WHAT THIS TASK INVOLVES: Copy out the data exactly, leaving the pictures behind.

AVAILABLE DATA:
Segment Open

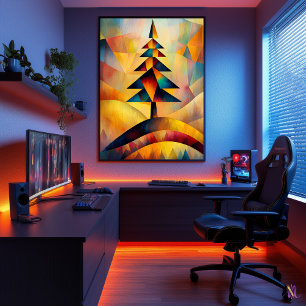 Poster Pine Tree - Minimalista Cubista Inspirado por Klee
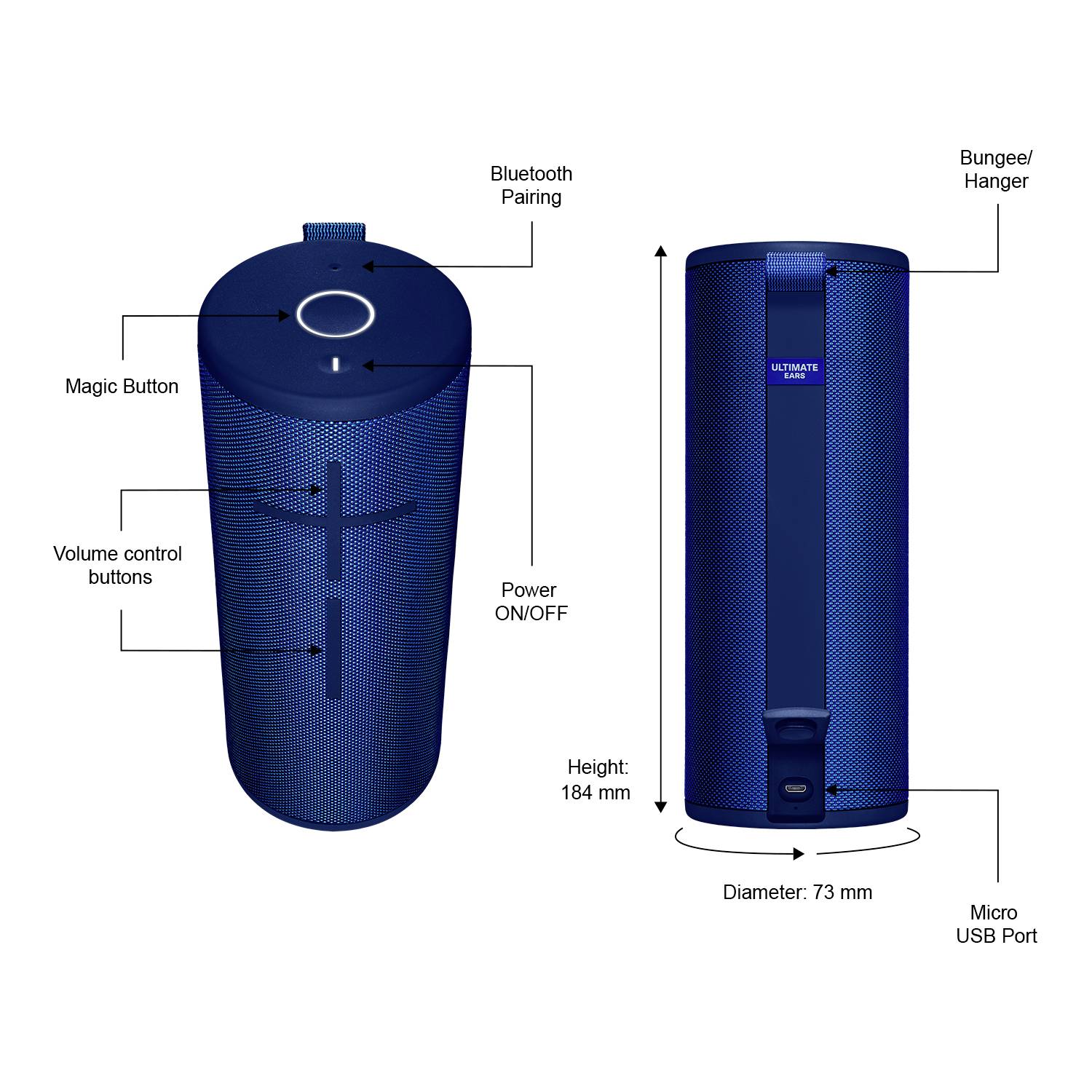 'Kabelloser Lautsprecher in Zylinderform mit Magic Button, Lautstärkeregelung und Power ON/OFF. Höhe: 184 mm, Durchmesser: 73 mm. Bluetooth und Micro-USB-Anschluss.'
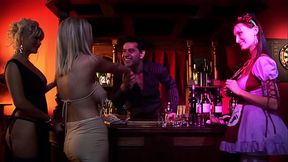 A Few Amazing Girls Share A Cock In The Bar And Get Each Other Off Too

Segment Closed

EXERCISE ANSWER:
 Poster Pine Tree - Minimalista Cubista Inspirado por Klee
 'Kabelloser Lautsprecher in Zylinderform mit Magic Button, Lautstärkeregelung und Power ON/OFF. Höhe: 184 mm, Durchmesser: 73 mm. Bluetooth und Micro-USB-Anschluss.'
 A Few Amazing Girls Share A Cock In The Bar And Get Each Other Off Too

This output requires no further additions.